> _Problem description_: Reproduce exactly the lines from the top of the records below through the line holding "Dog Harness for".

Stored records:
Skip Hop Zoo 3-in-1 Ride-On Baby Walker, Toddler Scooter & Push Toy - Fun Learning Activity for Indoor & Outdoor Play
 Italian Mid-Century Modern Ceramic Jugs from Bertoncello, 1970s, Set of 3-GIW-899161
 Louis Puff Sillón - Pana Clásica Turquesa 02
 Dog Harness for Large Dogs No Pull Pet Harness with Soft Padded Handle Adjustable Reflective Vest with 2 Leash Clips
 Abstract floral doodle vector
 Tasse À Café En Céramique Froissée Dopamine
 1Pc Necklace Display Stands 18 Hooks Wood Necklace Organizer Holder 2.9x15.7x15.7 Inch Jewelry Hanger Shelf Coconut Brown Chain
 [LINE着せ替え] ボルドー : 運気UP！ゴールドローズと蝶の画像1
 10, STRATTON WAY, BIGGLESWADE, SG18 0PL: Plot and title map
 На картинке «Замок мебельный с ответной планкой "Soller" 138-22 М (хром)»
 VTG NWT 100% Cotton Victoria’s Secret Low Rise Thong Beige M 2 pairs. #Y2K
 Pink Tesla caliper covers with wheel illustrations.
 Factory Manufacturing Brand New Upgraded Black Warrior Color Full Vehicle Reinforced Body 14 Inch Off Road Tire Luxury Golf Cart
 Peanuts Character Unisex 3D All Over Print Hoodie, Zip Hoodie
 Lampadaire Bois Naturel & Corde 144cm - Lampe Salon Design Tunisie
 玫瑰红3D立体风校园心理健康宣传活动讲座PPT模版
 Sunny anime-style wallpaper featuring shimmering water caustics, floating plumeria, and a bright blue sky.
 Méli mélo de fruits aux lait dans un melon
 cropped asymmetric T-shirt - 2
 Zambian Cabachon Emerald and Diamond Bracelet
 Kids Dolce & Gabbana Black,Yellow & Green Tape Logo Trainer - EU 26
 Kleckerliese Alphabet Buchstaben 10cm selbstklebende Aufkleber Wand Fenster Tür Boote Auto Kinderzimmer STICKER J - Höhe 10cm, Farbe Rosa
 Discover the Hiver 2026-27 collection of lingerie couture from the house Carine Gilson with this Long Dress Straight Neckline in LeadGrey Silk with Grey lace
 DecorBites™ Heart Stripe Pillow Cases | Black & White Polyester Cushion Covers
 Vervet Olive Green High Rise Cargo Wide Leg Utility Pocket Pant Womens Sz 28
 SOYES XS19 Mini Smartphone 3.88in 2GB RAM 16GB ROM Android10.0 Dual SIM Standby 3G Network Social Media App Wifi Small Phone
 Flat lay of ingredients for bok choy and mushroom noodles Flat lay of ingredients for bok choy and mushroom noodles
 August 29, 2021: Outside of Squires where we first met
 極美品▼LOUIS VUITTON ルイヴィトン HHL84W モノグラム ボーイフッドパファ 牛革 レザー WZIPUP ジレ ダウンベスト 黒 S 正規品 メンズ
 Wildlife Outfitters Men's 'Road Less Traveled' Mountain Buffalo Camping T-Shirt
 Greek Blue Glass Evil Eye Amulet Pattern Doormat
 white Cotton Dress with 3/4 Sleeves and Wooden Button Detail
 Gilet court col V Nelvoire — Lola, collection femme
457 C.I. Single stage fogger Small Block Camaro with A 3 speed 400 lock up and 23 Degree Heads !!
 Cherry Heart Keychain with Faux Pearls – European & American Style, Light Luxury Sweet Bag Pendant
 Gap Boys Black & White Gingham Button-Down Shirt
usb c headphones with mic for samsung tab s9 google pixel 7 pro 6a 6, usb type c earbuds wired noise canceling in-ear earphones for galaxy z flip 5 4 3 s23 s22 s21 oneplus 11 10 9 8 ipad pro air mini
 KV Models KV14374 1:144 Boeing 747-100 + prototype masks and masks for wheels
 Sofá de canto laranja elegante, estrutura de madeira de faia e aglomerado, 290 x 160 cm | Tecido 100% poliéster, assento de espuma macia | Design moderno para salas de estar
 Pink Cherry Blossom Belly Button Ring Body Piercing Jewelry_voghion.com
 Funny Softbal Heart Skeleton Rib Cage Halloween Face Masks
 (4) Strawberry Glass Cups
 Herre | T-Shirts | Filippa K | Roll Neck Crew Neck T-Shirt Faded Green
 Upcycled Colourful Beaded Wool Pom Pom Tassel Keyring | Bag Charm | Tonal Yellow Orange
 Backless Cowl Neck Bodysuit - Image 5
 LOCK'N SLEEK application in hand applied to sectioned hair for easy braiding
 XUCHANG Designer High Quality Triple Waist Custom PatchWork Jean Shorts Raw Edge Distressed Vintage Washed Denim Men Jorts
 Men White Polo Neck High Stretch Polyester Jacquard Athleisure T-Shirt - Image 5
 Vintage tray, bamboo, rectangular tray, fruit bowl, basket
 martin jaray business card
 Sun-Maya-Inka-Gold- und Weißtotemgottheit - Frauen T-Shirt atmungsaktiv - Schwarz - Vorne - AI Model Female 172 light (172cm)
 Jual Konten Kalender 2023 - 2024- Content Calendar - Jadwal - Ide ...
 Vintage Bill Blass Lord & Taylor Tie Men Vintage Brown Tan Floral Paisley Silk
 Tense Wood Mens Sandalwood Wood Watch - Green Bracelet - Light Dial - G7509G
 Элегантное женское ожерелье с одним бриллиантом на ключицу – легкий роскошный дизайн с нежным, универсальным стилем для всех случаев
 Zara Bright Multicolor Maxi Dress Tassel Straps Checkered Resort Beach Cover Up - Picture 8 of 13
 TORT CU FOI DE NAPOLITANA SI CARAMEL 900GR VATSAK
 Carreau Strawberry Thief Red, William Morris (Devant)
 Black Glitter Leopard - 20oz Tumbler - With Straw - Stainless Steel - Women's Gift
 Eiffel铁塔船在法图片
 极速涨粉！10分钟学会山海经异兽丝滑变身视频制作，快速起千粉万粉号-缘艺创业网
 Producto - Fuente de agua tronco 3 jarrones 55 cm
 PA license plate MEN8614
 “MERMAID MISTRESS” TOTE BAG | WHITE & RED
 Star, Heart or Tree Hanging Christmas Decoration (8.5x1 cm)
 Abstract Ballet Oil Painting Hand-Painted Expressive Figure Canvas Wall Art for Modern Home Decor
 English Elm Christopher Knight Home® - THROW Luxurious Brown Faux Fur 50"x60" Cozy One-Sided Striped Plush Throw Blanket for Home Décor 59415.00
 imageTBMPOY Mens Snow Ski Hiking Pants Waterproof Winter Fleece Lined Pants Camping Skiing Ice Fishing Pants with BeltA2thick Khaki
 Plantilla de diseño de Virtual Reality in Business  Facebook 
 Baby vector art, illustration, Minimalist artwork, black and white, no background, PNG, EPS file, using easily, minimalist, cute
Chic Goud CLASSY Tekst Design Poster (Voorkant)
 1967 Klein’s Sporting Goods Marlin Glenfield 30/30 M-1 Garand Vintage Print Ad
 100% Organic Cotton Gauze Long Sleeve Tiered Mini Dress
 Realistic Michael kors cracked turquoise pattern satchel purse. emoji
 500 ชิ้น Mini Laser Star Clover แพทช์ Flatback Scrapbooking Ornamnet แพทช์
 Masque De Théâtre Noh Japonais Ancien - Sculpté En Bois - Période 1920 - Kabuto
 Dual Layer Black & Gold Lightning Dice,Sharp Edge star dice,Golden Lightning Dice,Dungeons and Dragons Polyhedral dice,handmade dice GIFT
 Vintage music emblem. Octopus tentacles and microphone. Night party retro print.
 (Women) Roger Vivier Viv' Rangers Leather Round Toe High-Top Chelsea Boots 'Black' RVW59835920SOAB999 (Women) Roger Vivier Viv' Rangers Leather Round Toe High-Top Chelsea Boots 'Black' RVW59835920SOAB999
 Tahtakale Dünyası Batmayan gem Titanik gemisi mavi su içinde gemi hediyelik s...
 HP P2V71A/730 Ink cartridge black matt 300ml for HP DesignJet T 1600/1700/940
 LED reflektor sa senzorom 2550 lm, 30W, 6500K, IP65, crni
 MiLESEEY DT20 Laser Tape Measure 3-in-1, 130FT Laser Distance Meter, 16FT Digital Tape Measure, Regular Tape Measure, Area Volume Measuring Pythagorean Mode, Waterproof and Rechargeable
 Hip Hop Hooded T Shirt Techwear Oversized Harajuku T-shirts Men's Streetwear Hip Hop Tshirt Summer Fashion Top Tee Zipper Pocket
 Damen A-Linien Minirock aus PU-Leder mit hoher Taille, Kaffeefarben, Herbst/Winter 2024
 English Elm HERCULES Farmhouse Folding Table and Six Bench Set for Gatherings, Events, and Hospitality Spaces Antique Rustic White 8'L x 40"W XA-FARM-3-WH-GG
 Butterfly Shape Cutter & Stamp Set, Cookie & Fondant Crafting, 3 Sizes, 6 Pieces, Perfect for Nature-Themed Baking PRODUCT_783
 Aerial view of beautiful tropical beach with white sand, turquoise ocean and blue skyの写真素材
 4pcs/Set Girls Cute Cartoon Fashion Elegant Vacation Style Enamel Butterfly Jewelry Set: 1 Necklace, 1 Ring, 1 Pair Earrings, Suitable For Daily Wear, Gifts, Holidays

> _Answer space_:
Skip Hop Zoo 3-in-1 Ride-On Baby Walker, Toddler Scooter & Push Toy - Fun Learning Activity for Indoor & Outdoor Play
 Italian Mid-Century Modern Ceramic Jugs from Bertoncello, 1970s, Set of 3-GIW-899161
 Louis Puff Sillón - Pana Clásica Turquesa 02
 Dog Harness for Large Dogs No Pull Pet Harness with Soft Padded Handle Adjustable Reflective Vest with 2 Leash Clips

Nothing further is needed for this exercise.